Below is an action plan to help you increase your financial IQ
The reality is that you can make any amount you want to make. But there are few things more risky than an investor who has no idea what he is doing. So, where do you begin?
- Learn the language. Understanding the definitions of financial words will greatly increase your financial vocabulary and knowledge of the subject. Start with simple terms like options, assets, liabilities, ROI, and gross vs. net income. Then, dig deeper. Every time a new word comes up in conversation or in your readings, stop and look up the definition instead of glossing over it.
- Figure out the numbers. Learn how to read financial statements and report, such as income statements and balance sheets. If you intend to make money and be financially free, then you’ve got to become very comfortable with basic addition, subtraction, multiplication and division. Consider every investment you are pursuing as a mystery to be solved and numbers are the clues that guide you.
- Read and listen. There are countless books, blogs and podcasts on the subject of investing, online and offline businesses, many geared toward beginners.
- Find a mentor. Seek out a seasoned real estate investor and pick their brain.
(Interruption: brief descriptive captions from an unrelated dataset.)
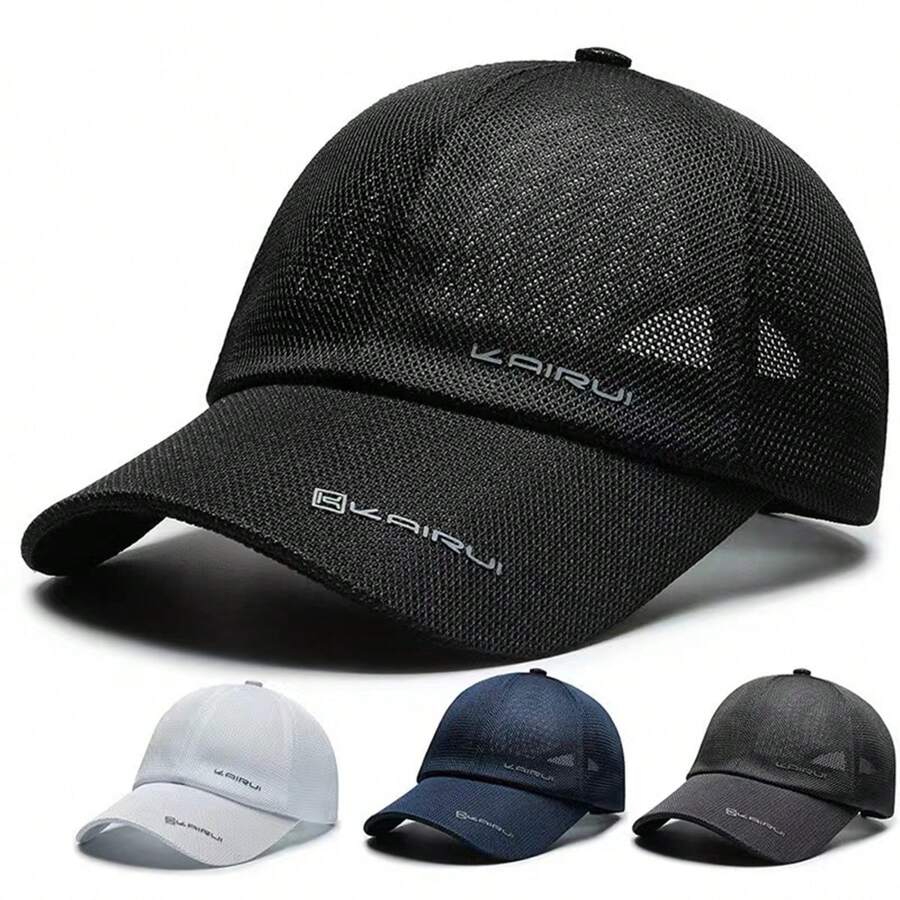 1pc Men's Breathable Mesh Baseball Cap, Outdoor Sports Hat, Adjustable Sun Protection Casual Cap Suitable For Spring, Autumn, Outdoor, Travel, Beach, Party,Festival,Holiday - Multicolor - View 1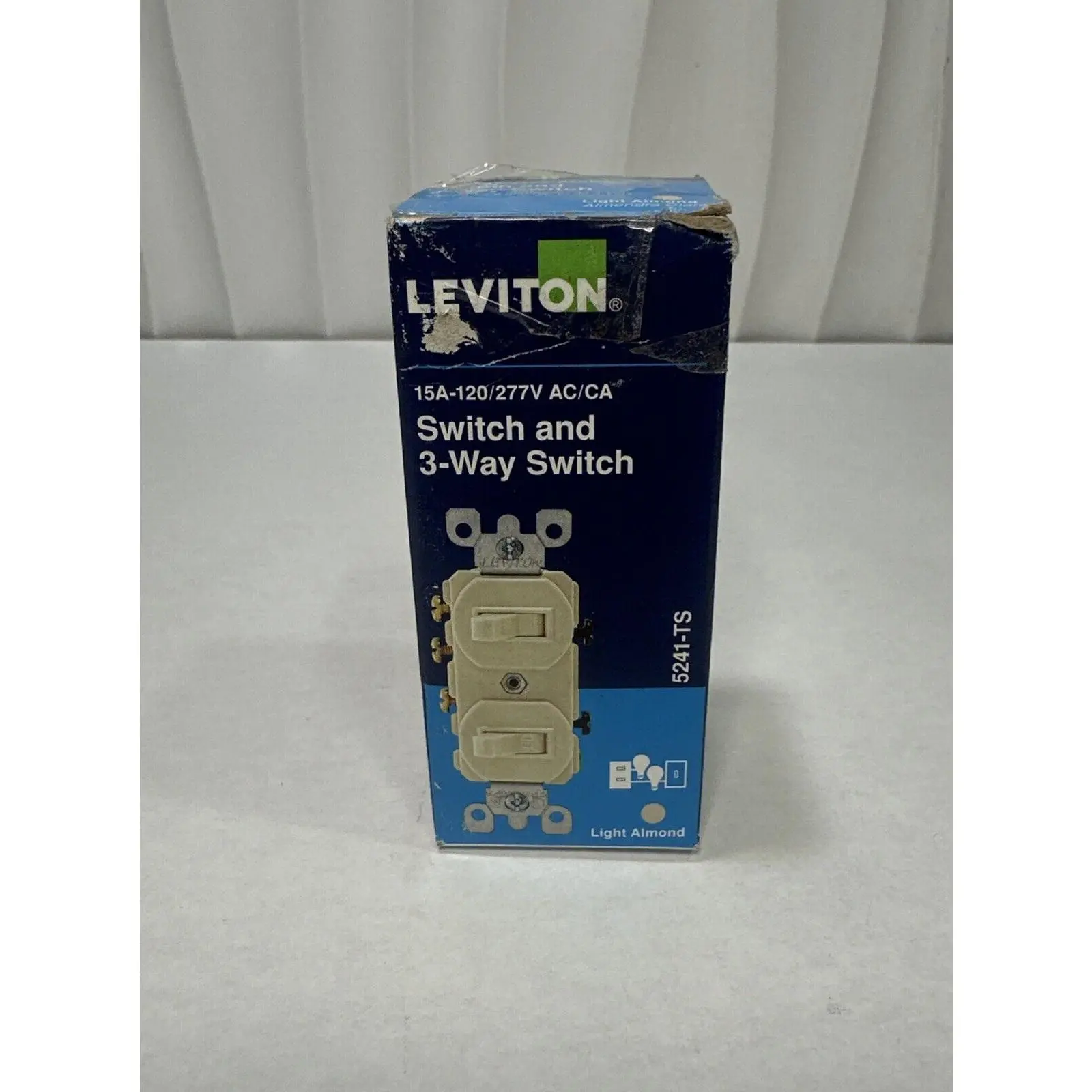 Lot 6 Leviton 5241-TS Light Almond 15A 120/277V 1-Pole 3-Way Combination Switch
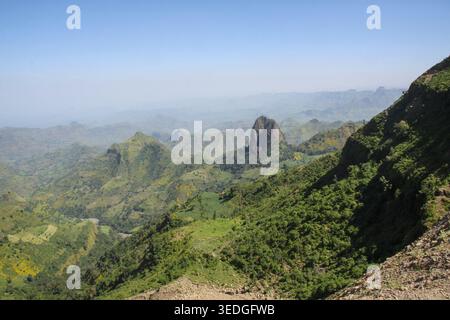 vue sur le parc national des montagnes du Simien avec des pics déchiquetés spectaculaires, des vallées verdoyantes et une végétation typique de haute altitude sous un ciel bleu clair, Banque D'Images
Behind every successful investor is a person who likely made some costly mistakes early on—see if you can find out more about where they went wrong and not just their successes.
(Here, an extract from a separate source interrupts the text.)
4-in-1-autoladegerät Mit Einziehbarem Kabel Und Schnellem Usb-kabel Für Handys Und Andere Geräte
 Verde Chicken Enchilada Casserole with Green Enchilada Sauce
- Attend workshops. Free seminars and workshops can kick-start your path to educated investing and taking control of your financial future.
- Be More Resourceful: Make good use of your time and resources, and use what you have to get what you want. What you need to start is what you have.
- Question everything. It’s one thing to seek advice from a trusted source, like a business partner or financial adviser, but it’s another thing entirely to take everything you hear as gospel. You must think for yourself, so that you’re making the most informed decisions possible. Try asking these questions when presented with advice or opportunities: Does this make sense for me? What are the pros and cons? Will this get me closer to my financial goal?
- Ongoing education. Learning is a lifelong pursuit because things change. Laws, regulations, and terminology adapt over the years, so keeping current is an investment in your future. Investors who allow themselves to become stale will no doubt face numerous risks: losing momentum, legal ramifications, etc.
- Gain Experience. At some point, you have to decide you’ve learned enough to pull the trigger and make your first investment. Hopefully you will have gained enough knowledge to avoid some of the most common pitfalls. But you’ll likely make some mistakes and experience a few setbacks along the way. What’s important is that you learn from those situations and apply that to your next investment. You’ll get wiser with each go-round. I sure did.
I don’t know a single investor who didn’t have some (or a lot) of fear in the early stages of their investing life. Even today, every great investor sometimes get nervous venturing into new areas of investing. It’s natural. But if you let that fear paralyze you and keep you from moving forward, you’ll miss out on reaping the rewards of your newfound education: to financial freedom.